New York and Connecticut theater reviews and news

New York City Theater

"Garden of Earthly Delights"
Minetta Lane Theatre, Manhattan

“Garden of Earthly Delights,” now at the Minetta Lane Theatre, is an extraordinary piece. Billed as a dance-drama, the term hardly does justice to what takes place on stage and how it impacts on the viewer. Martha Clark, who originally conceived, choreographed and directed “Delights” in 1984, now brings it back to the Minetta in all its power.

Like the 1503 Hieronymous Bosch painting (a tryptich, to be exact) on which it is based, Clarke’s show deals with Heaven, Hell, and everything between. In short, it is an abbreviated history of mankind, played out in three separate time frames—Paradise, the Middle Ages, and Hell.

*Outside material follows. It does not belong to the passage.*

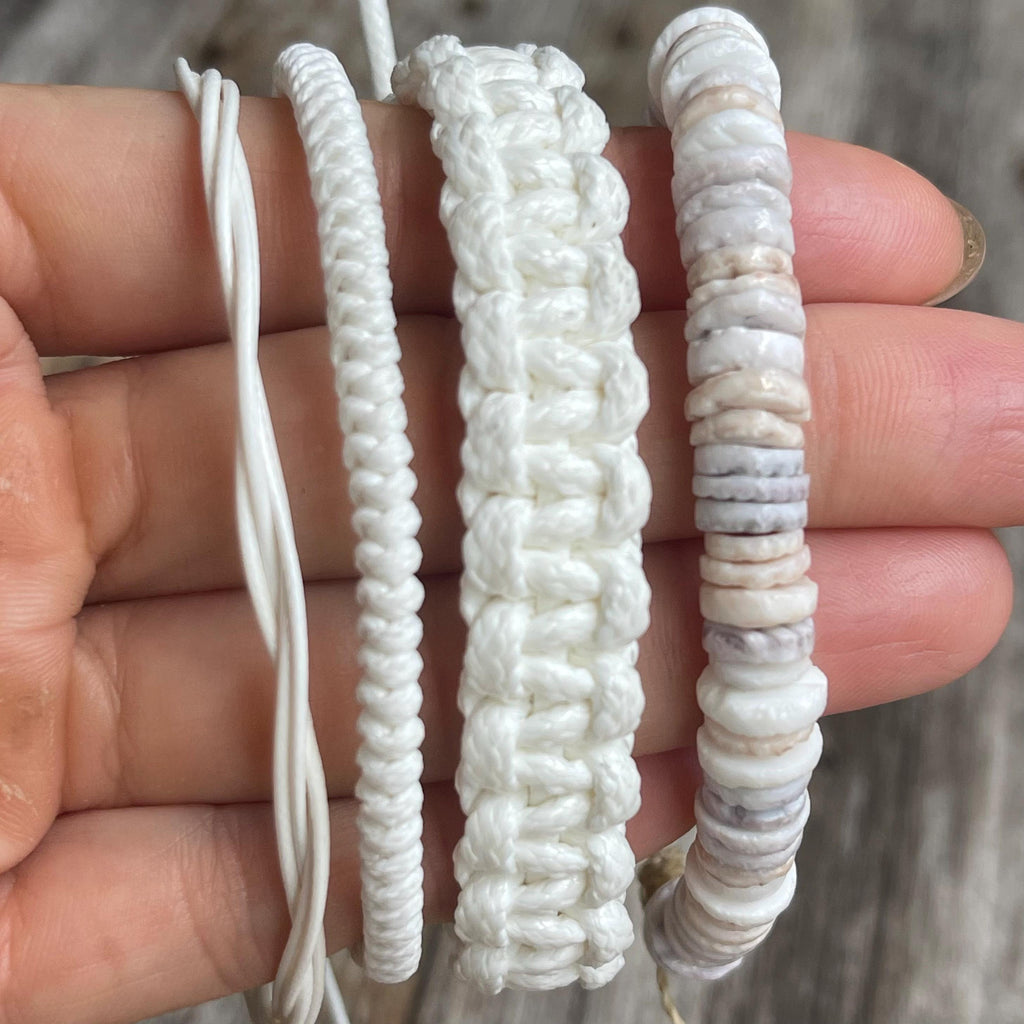 Macrame Bracelet White, Adjustable Cord Bracelet, Waterproof Surfer Bracelet Men Women, Minimalist Braided Rope Bracelet, Boho Gift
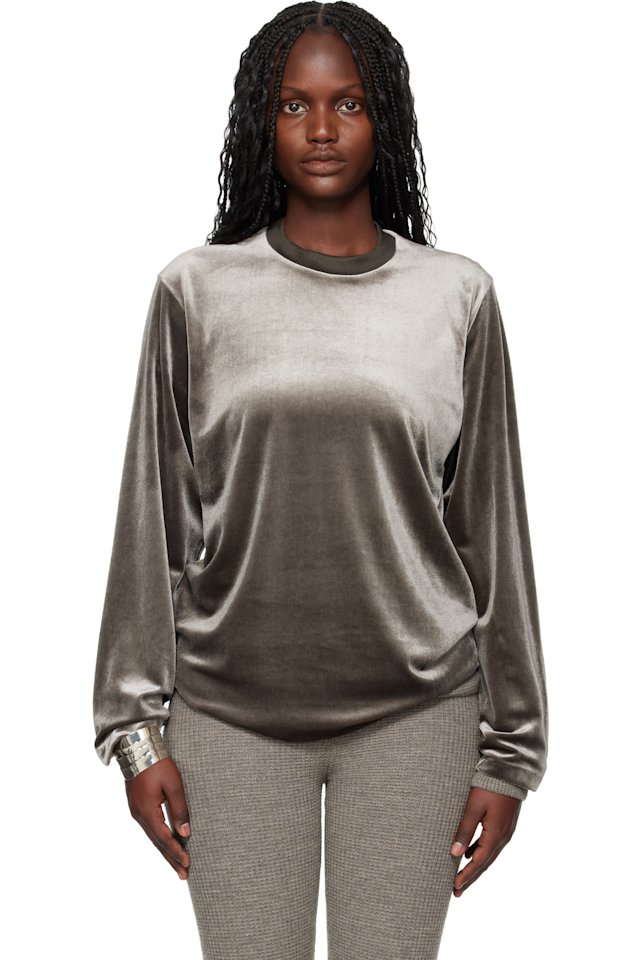 Fear of God ESSENTIALS — Brown Holiday Velour Classic Long Sleeve T-shirt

For the viewer, seated close to the stage in the intimate Minetta theater, it becomes a devastating and deeply personal experience. One is caught up in the action from the moment the seemingly naked dancers (in flesh-colored body suits) slither across the stage. It is chilling to watch these half-human creatures move slowly on all fours, as it were, as they invade a primeval world. The first signs of life are oozing from the depths.

But soon Clarke’s world moves on to Biblical times—to Paradise (or at least Clarke’s version of Paradise). It is a time of joy, frisky encounters, and innocent sexual couplings. Clarke’s eleven-dancer cast is superb, with its work well underscored by Richard Peaslee’s offbeat, edgy music. Four musicians play a variety of traditional and unusual instruments, which adds to the atmosphere.

When next the dancers don nondescript medieval clothing, the story moves into the Middle Ages—an era, it would seem, inhabited by people of incredible coarseness and bestiality (saved, to some degree, by the Church). Watching characters openly give in to every basic physical need—and to enact the seven deadly sins--is acutely embarrassing to the viewer.

But worse (and better) is yet to come, as the company descends into hell. Suddenly the lighting takes on a reddish glow, and bodies again are naked. Again, every human evil is on display, but stepped up to new heights and dominated by violence. Literally new heights, as dancers swing from above and out into the audience.

In all, one leaves the theater emotionally wrung out, but elated by performances, music, and Martha Clarke’s imaginative concept.